▶ _GIVEN DATA_
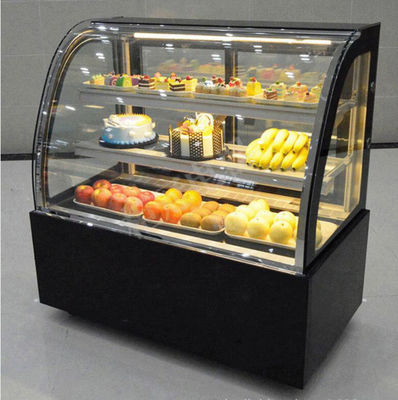 Cake Cabinet Refrigerated Display Cabinet Commercial Air-cooled Small Dessert West Point Fruit Fresh Cabinet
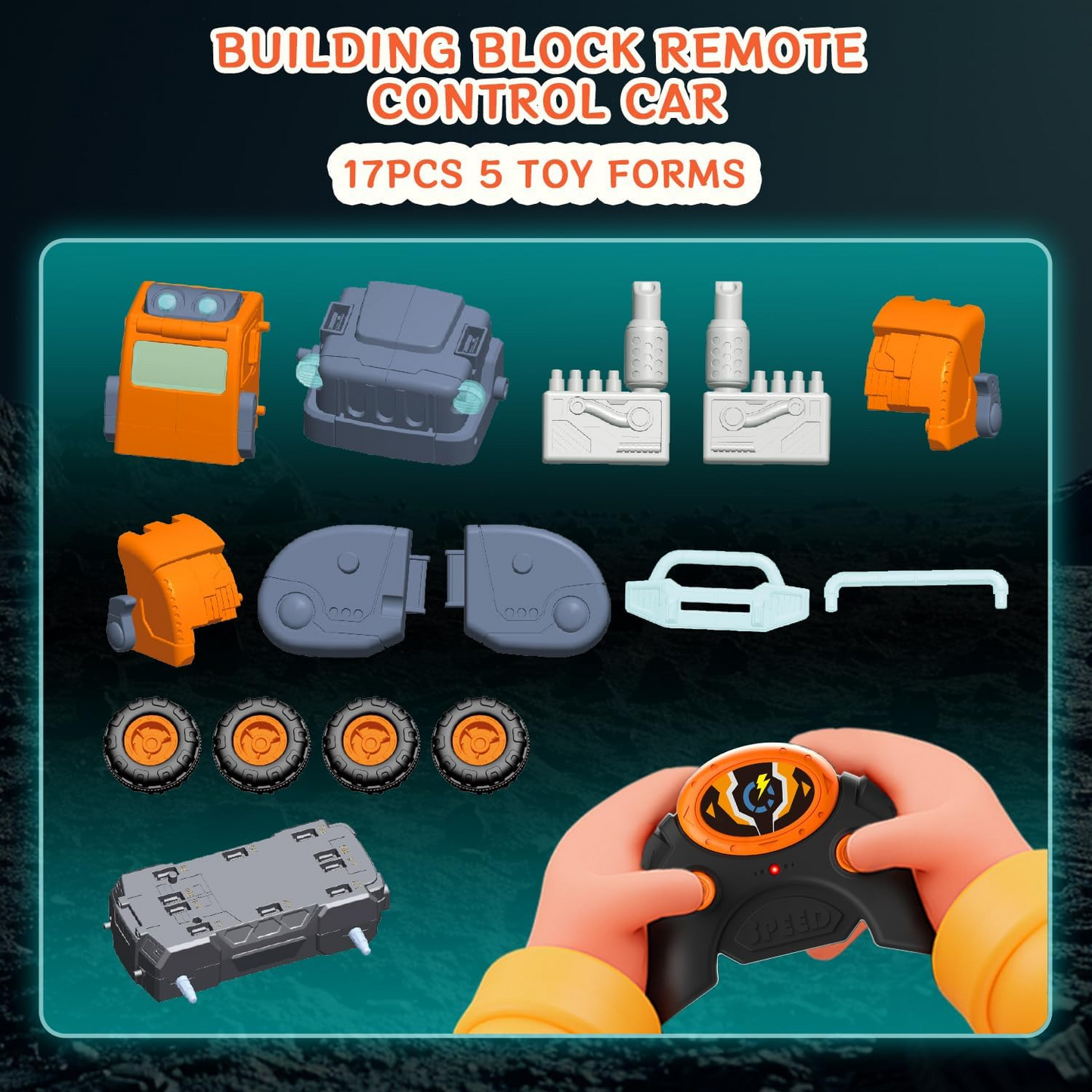 DinoBuild RC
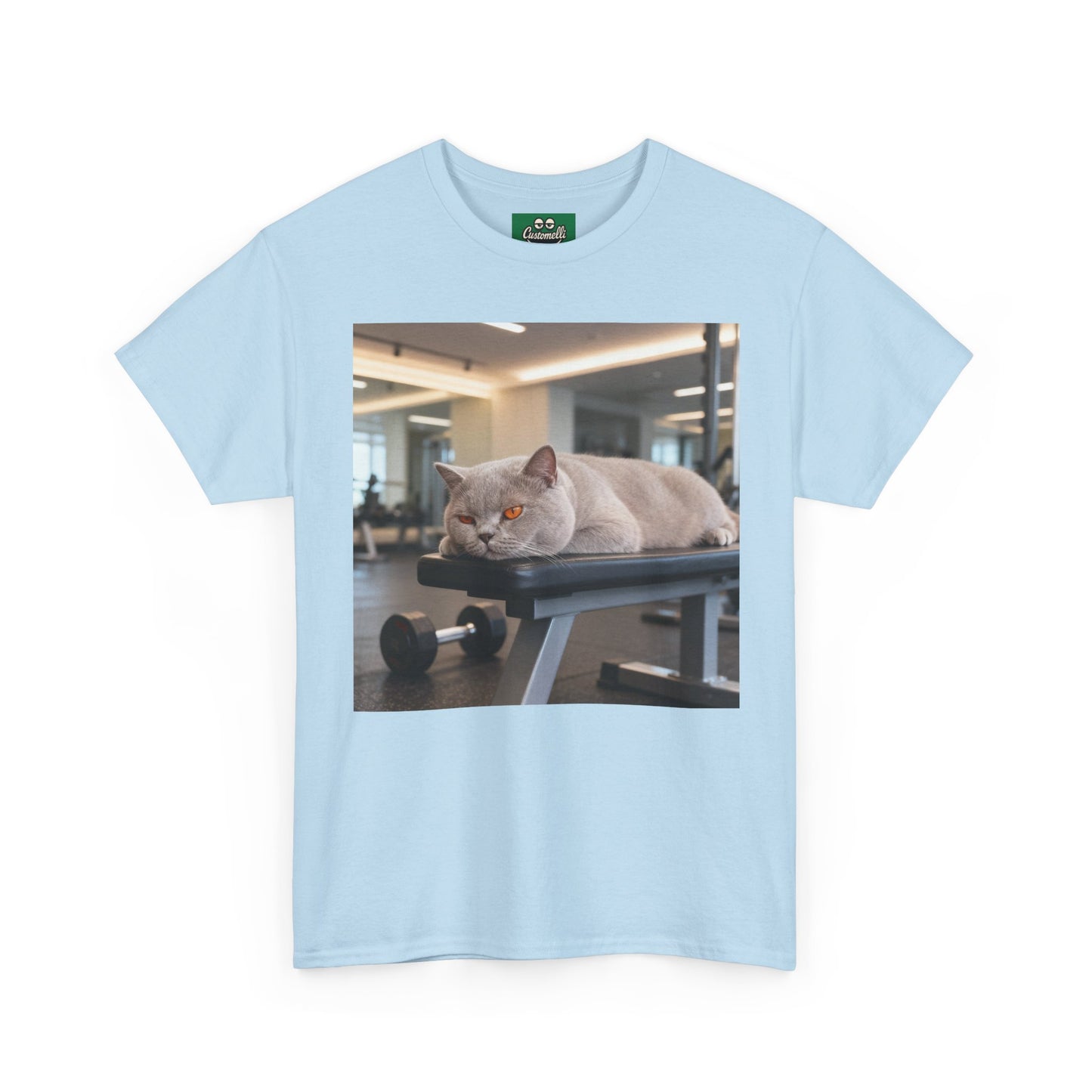 Maglietta Workout con Foto del Tuo Animale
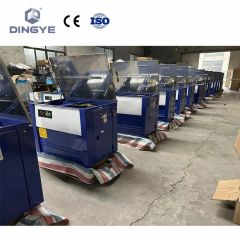 DINGYE KZ900 High Desk Strapping Machine Semi Auto Electric Weld 1Y - Image 5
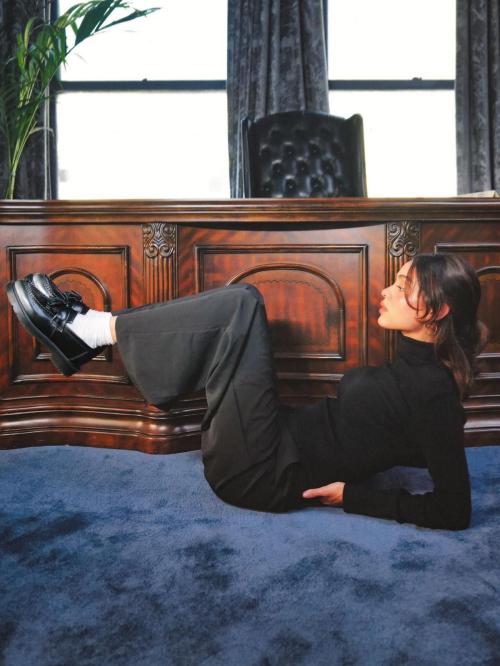 Nailea Devora Dr Martens USA Campaign, August 2025 2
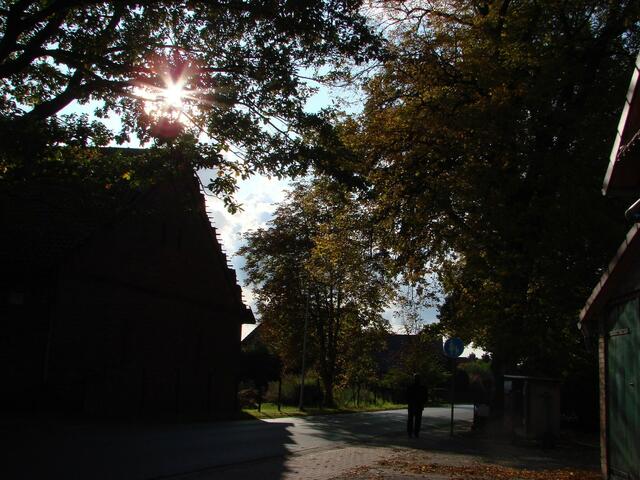 ...und schon der Rückweg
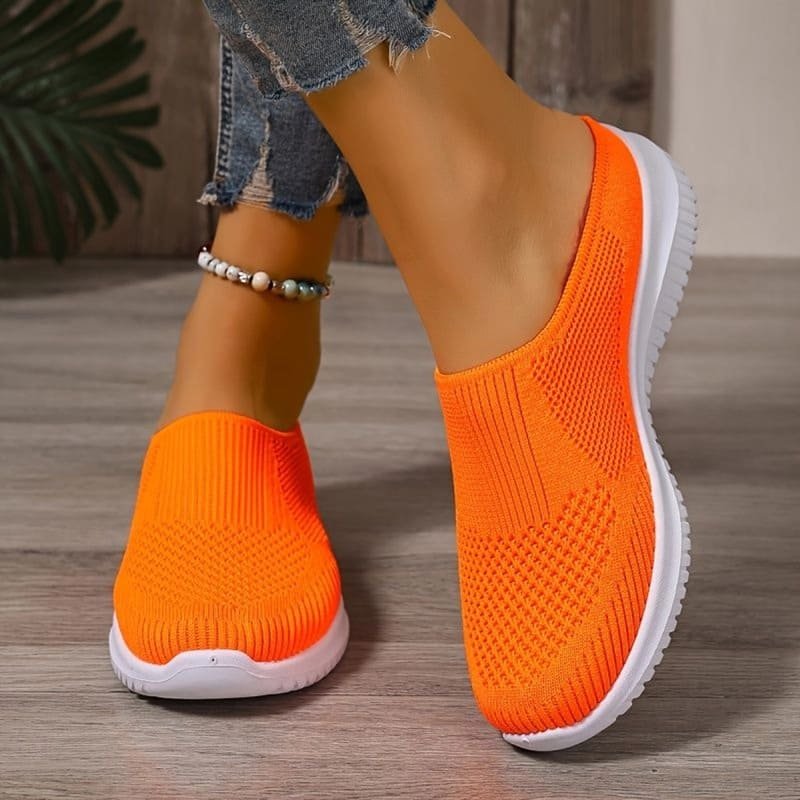 🔥Last Day 50% OFF🔥Women’s Breathable Knit Slip-On Walking Shoes - Image 10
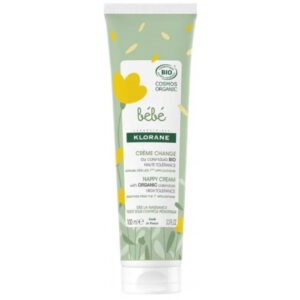 Klorane Bébé Crème Change Calendula Bio 100 ml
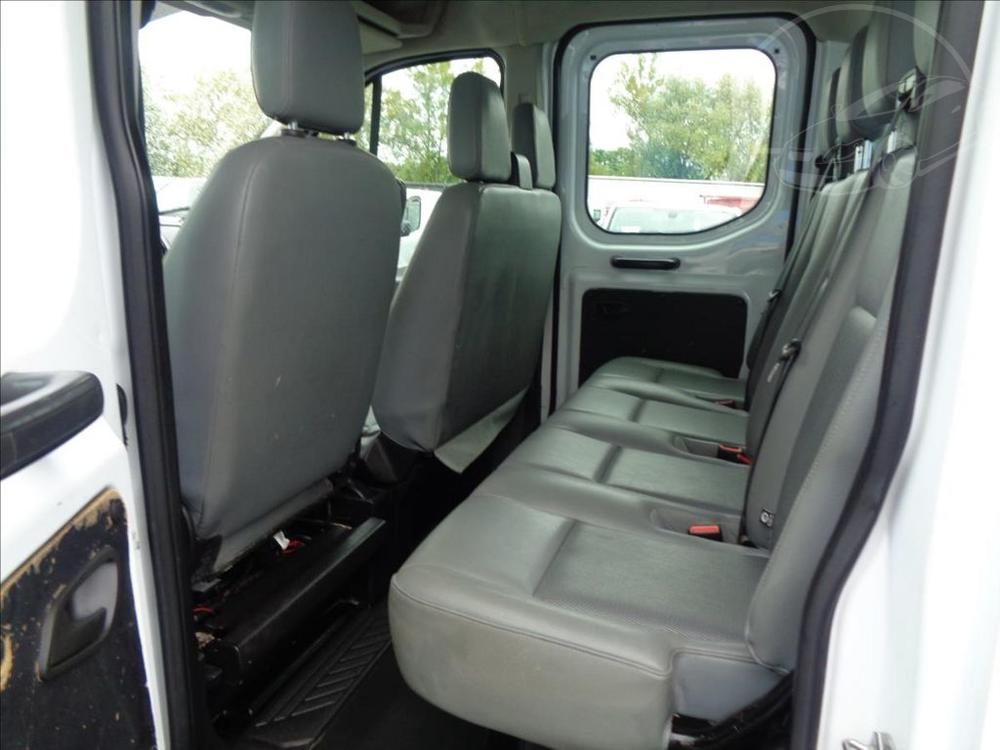 Ford Transit 2,0 TDCI  7MST DVOJKABINA VALNK KLIMA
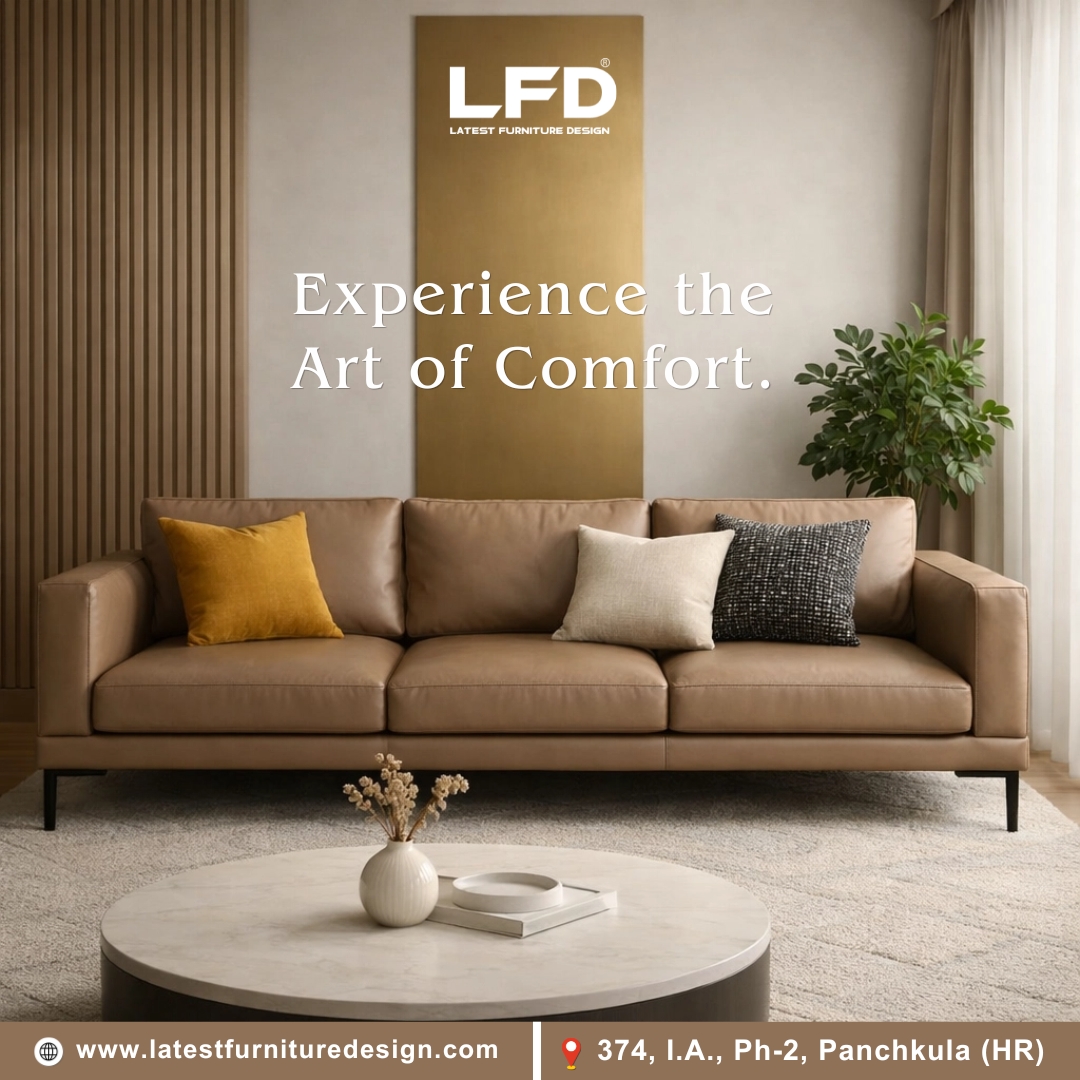 LFDFurniture's tweet image. Experience the Art of Comfort 🛋️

▶ _WORK INSTRUCTIONS_
When copying the entries, drop the images and keep every line exact.

▶ _YOUR RESPONSE_
 Cake Cabinet Refrigerated Display Cabinet Commercial Air-cooled Small Dessert West Point Fruit Fresh Cabinet
 DinoBuild RC
 Maglietta Workout con Foto del Tuo Animale
 DINGYE KZ900 High Desk Strapping Machine Semi Auto Electric Weld 1Y - Image 5
 Nailea Devora Dr Martens USA Campaign, August 2025 2
 ...und schon der Rückweg
 🔥Last Day 50% OFF🔥Women’s Breathable Knit Slip-On Walking Shoes - Image 10
 Klorane Bébé Crème Change Calendula Bio 100 ml
 Ford Transit 2,0 TDCI  7MST DVOJKABINA VALNK KLIMA
 LFDFurniture's tweet image. Experience the Art of Comfort 🛋️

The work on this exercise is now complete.